Il y a un point assez important à préciser, c’est qu’il faut être ORGANISÉ. Et oui, le fait d’avoir pleins de missions différentes demande de bien ranger ses fichiers, les renommer et créer des dossiers… Voir beaucoup de dossiers avec beaucoup de versions.

ps : je dois encore rangé car c’est un peu le bazar

Par exemple, sur cette mission, je devais refaire la newsletter qui a lieu tous les jeudis toutes les deux semaines. On peut voir la newsletter de base et celle que j’ai pu créer. Pour cela, j’ai repris les symboles que j’avais faits pour les vitrines et réutilisé les couleurs de l’identité visuelle et tout ça sur Illustrator et InDesign.

newsletter avant

newsletter après

Pour l’instant, ma mission préférée a été la création d’effets pour Instagram en réalité augmenté. Heureusement que l’on a fait des projets dessus. C’était quand même assez difficile, car j’ai appris qu’Instagram a un logiciel dédié pour leurs effets et c’est un mélange de Blender et Unity. Pour cela j’ai regardé pas mal de tutos avant de me lancer puis on a proposé aux abonnés deux effets et ils devaient choisir leur préféré grâce à un sondage. 

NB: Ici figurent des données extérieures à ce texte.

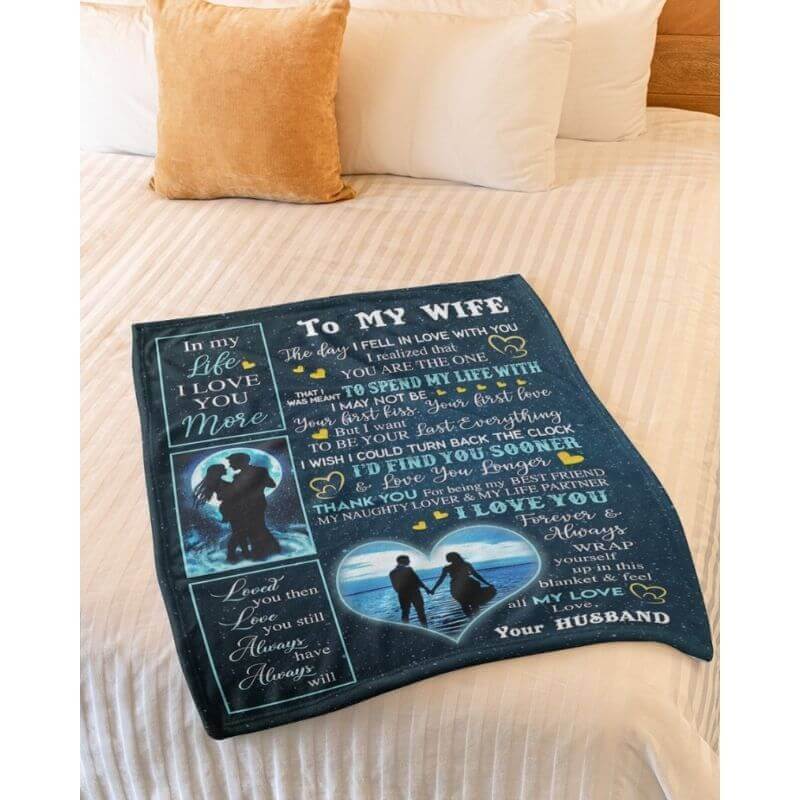 To My Wife - From Husband - A356 - Premium Blanket-Jolura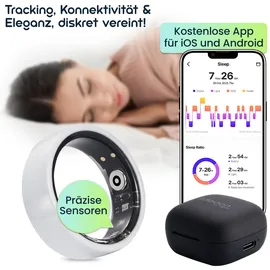 ideoon Smart-Ring Größe 65 / 65 mm Weiß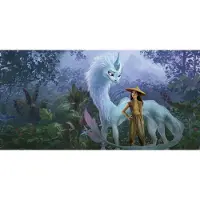 Overig Vliestapete "Digitaldruck Vlies - Raya Jungle - Größe 500 x 250 cm" bedruckt glatt Kinderzimmer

logiciel Spark AR Studio pour les effets

démo de l’effet sur Camille et moi + petit fond sonore hehe

Maintenant, ce qui est sur le plan personnel : 

L’équipe est constituée d’Éric : chef cuisinier – Camille : ma tutrice – Clara – stagiaire en communication – Marco et Mila : les serveurs – Mika : le maître de salle – Gokan et Mamadou : cuisiniers et moi, Candice : stagiaire en graphisme.

Comme j’avais dit précédemment dans mon premier chapitre, je me suis très vite adapté et j’apprends énormément de choses sur mon équipe, car chacun a son caractère ainsi que sa personnalité. Ma tutrice aime avoir le résultat assez vite sauf que certaines tâches mettent plus de temps que prévu… J’ai aussi compris qu’il fallait s’imposer en donnant son avis et ses choix tout en restant dans la finesse.

L’équipe est comme une famille, on se motive tous dès qu’un d’entre nous à un petit coup de mou. Au bout d’un mois de stage, Camille m’a fait un petit point sur comment je travaillais et les objectifs que je dois me mettre afin de progresser personnellement : être plus rapide sur des tâches peu importantes (comme collé 500 étiquettes sur des gobelets, mais quand on est tout seul c’est assez long aussi :/) et surtout PRENDRE CONFIANCE EN MOI. Chaque mois, j’aurais de nouveaux objectifs dans le but d’atteindre la meilleure version de moi-même un jour.